Standard sealed-environment corporate crisis. She’d done a dozen of these. But something in the brief snagged. The file included a casualty addendum. One of the island’s skeleton crew had been found unconscious near the server building two nights ago. Head trauma, consistent with a fall. Medevacked to the mainland. The addendum described it as “unrelated to the data breach.”
The host’s name was Marcus Hale. Nadia had heard of him the way you heard of people who existed several tax brackets above your own experience: as a fact rather than a person. He’d built Parallax from a research lab in Shoreditch into something discussed at Davos and valued in the low billions. The photograph in the file showed a man who looked like his own press release: silver-streaked hair, a jaw described as “decisive” by a profile writer who should have been embarrassed, and the expression of someone who had been photographed so often they’d stopped having a face and started having a presentation.
She looked up.

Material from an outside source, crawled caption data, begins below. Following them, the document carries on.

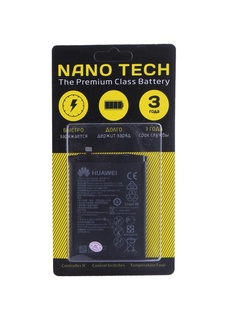 Аккумулятор Nano Tech 3020mAh для Huawei Y5 2017 / Y5 III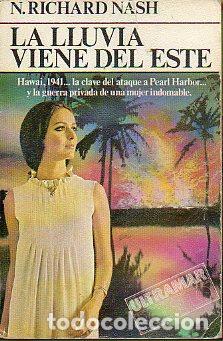 Libros: LA LLUVIA VIENE DEL ESTE. - Foto 1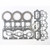 Cometic - Cometic Gasket Set, Yam Waveraider 1100 1995-97, - C6121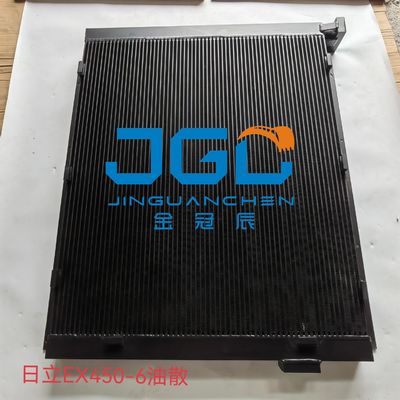 液体オイルラジエーター 建設機械部品 ドーザー部品 EX450-6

James was at his desk, already reading a copy of the same file. He read with a pen in his hand, which was how she knew he was taking it seriously. James Osei-Mensah took everything seriously, but the pen was the tell. It meant he was already building the architecture of an investigation in the margins, numbering questions, drawing the small neat arrows that connected observations to hypotheses.
“Thoughts?” she said.
James didn’t look up. “Three things. First, the algorithm is genuinely valuable. I’ve read about the Parallax system. It’s not vapourware. Someone stealing it would have a buyer.” He turned a page. “Second, the island has its own encrypted network, which means the breach was either internal or someone brought hardware capable of penetrating military-grade security to a wellness retreat.”
“And third?”
Now he looked up. Removed his glasses. This was the James equivalent of someone else slamming their fist on the table. “Who referred this to us?”
Nadia glanced at the intake page. The referral line read: Referred by: a friend of the firm.

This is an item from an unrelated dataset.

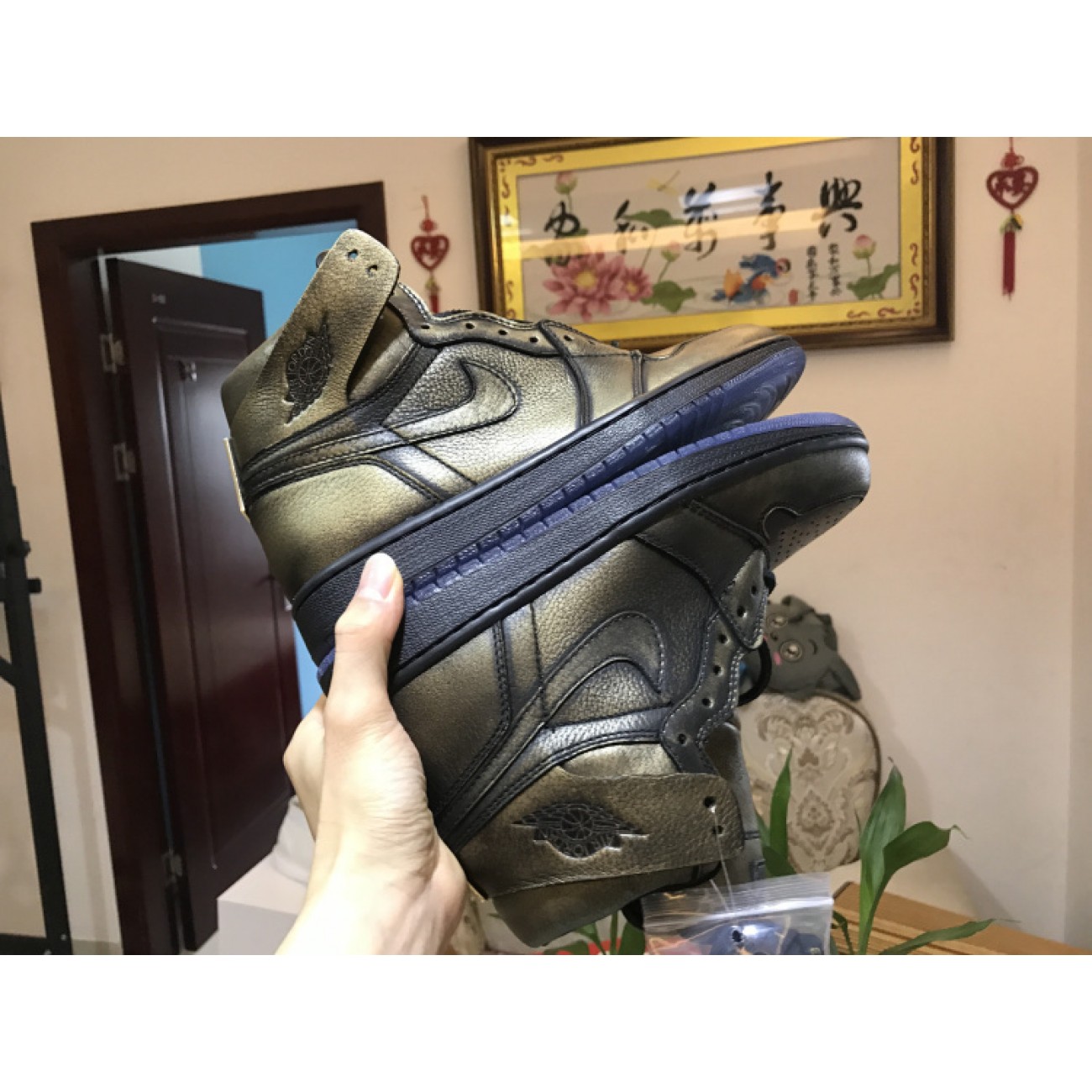 Air Jordan 1 Wings aa2887-035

“A friend of the firm,” she said.
“That’s not a referral. That’s a placeholder.” He turned back to the intake page. “And look at how it came in. The client says the referral arrived by phone. An unsolicited call to his private line. Someone he’d never spoken to before.”
Nadia read the passage James was pointing to. Marcus Hale’s own account, in the intake notes: “Contacted by unknown caller who demonstrated detailed knowledge of our situation. Caller identified themselves only as ‘a friend of the firm’ and recommended Vantage by name.”

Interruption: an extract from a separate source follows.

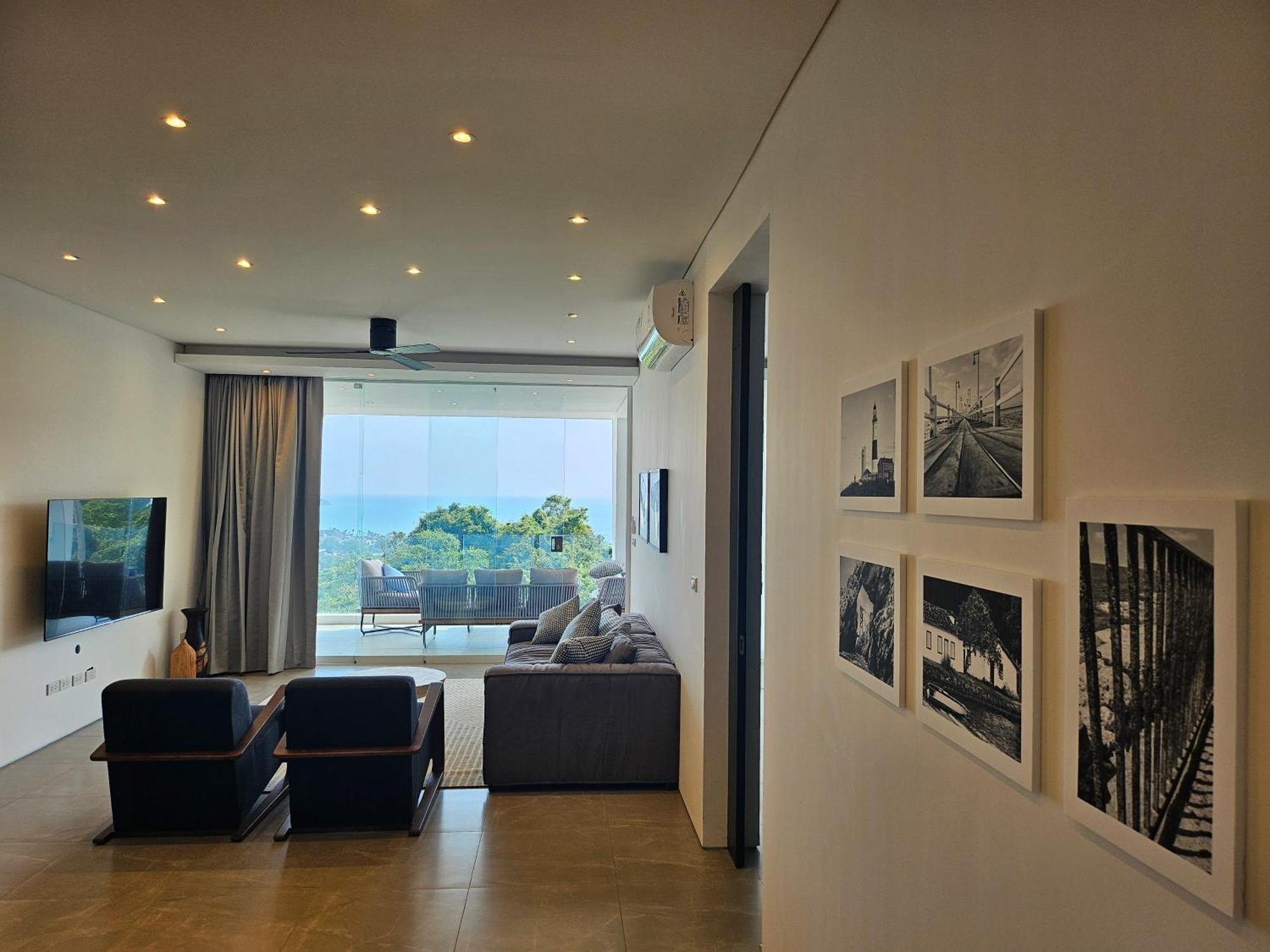 Golden Lotus Villas Amphoe Koksamui Δωμάτιο φωτογραφία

“It’s a billionaire on a private island with a stolen algorithm worth more than most people’s postcode. Does it matter who told him about us?”
“It might.” James replaced his glasses. He didn’t pursue it. But he opened a second notebook, smaller than the case file, and wrote something in it before closing it again.
The door to the office opened and Rowan Sharp entered carrying a takeaway coffee in each hand and a phone wedged between her shoulder and her ear.
“No, I said the blue dress, not the navy one. They’re different things. The navy one makes me look like I’m attending a sentencing. Yes, I know they’re both blue. That’s like saying all dogs are wolves. I’ll call you back.” She ended the call, set both coffees on her desk, picked up the intake file that was waiting for her, and scanned the first page in approximately four seconds. “Oh, fun. Rich people on an island with a stolen algorithm. Is the algorithm actually valuable or is this a crypto bro with delusions?”
“Parallax,” Nadia said.
“Ah.” Rowan’s expression shifted from performance to interest. “That’s real money. That’s buy-a-small-country money. Who’s the host?”
“Marcus Hale.”
Rowan pulled out her phone. By the time Nadia had finished the sentence, Rowan was already scrolling through social media, news archives, the constellation of sources she navigated the way James navigated spreadsheets, with a fluency that looked instinctive but was actually a system disguised as chaos.
“Marcus Hale. Third marriage, no children from the first two, one from the current. Wife is Genevieve, art collector, philanthropy circuit, the kind of woman who gets described as ‘elegant’ by people who mean ‘terrifying.’ He did a TED talk in 2019 about ‘ethical data’ that has aged like milk in a sauna.” She looked up. “His annual retreat is legendary in the tech world. Invitation-only, phones surrendered at the dock, five days of what he calls ‘aligned thinking’ and everyone else calls ‘an expensive cult retreat with better catering.'”
“Guest list?” James asked.
“I’ll have it before we’re on the helicopter.”
“Boat,” Nadia said. “He’s sending a boat.”
Rowan considered this. “Of course he’s sending a boat. They always send a boat.”
She said it flatly, without her usual performance. Then she turned back to the intake file and read the casualty addendum. Read it again. Her phone went back into her pocket.
“The crew member,” Rowan said. “The one who hit his head near the server building.”
“Unrelated to the data breach,” Nadia said. “According to the file.”
“According to the file.” Rowan looked at her. The wit was gone from her face. What remained was something older, a stillness that didn’t belong in someone who normally moved like a question mark. “Nadia. Someone got hurt. On the island. Near the servers. Two days before someone stole the algorithm. And the file says ‘unrelated’ like it’s describing the weather.”
“I noticed.”
“Good.” Rowan picked up her coffee. The performance slid back into place in sections, like armour being put on piece by piece. “Twelve suspects on an island. Very Christie. I approve.”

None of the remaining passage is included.